RECORDED INFORMATION ::

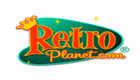 RetroPlanet Logo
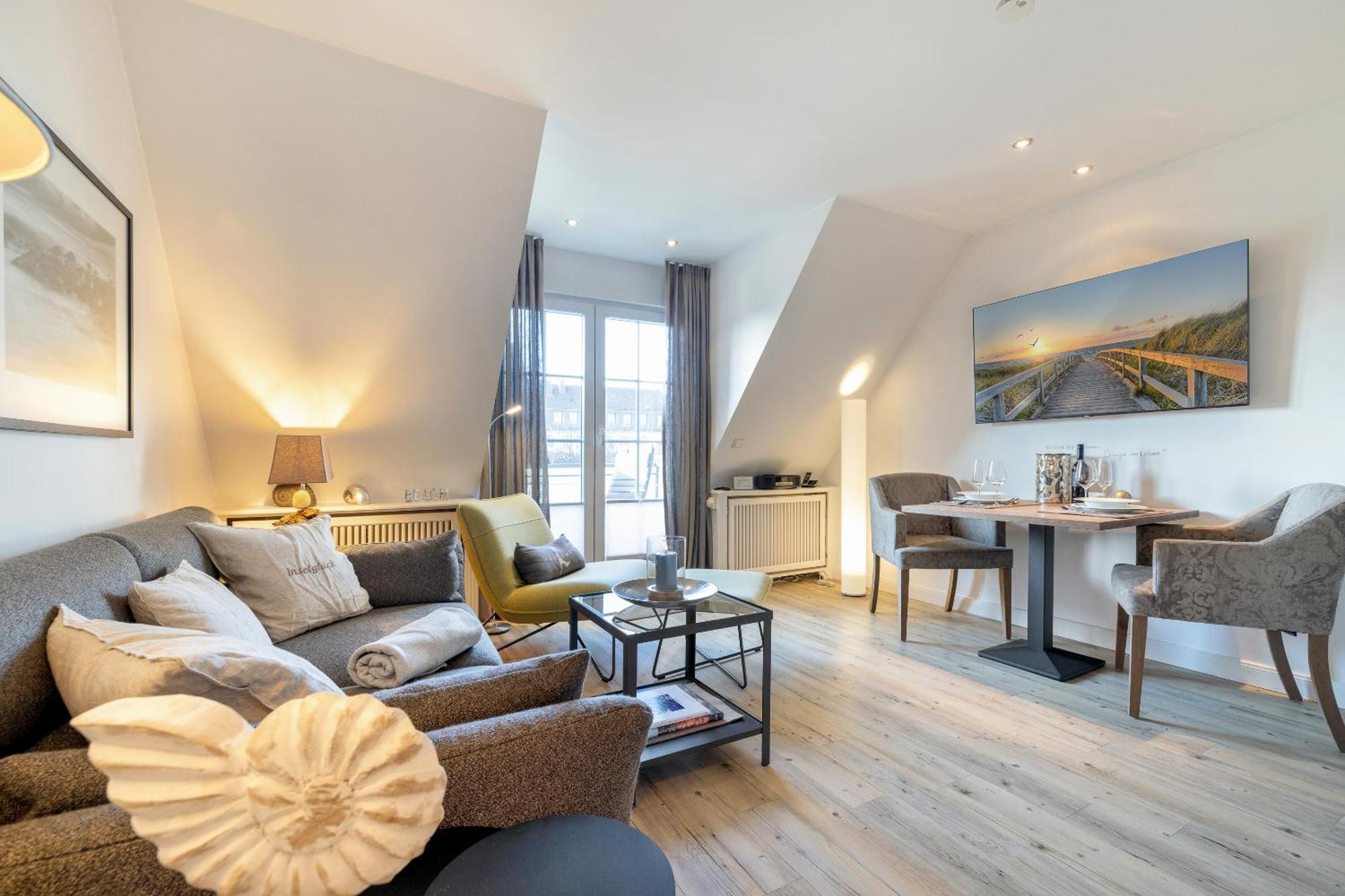 Apartment Mittelweg App. Five Wenningstedt-Braderup
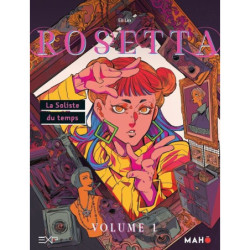 ROSETTA - TOME 01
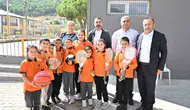 Manisa’da spor seferberliği: 430 okulun çehresi değişiyor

WHAT TO PRODUCE :: Could you give the material above again, exactly and without its pictures?

SOLUTION ::
 RetroPlanet Logo
 Apartment Mittelweg App. Five Wenningstedt-Braderup
 ROSETTA - TOME 01
 Manisa’da spor seferberliği: 430 okulun çehresi değişiyor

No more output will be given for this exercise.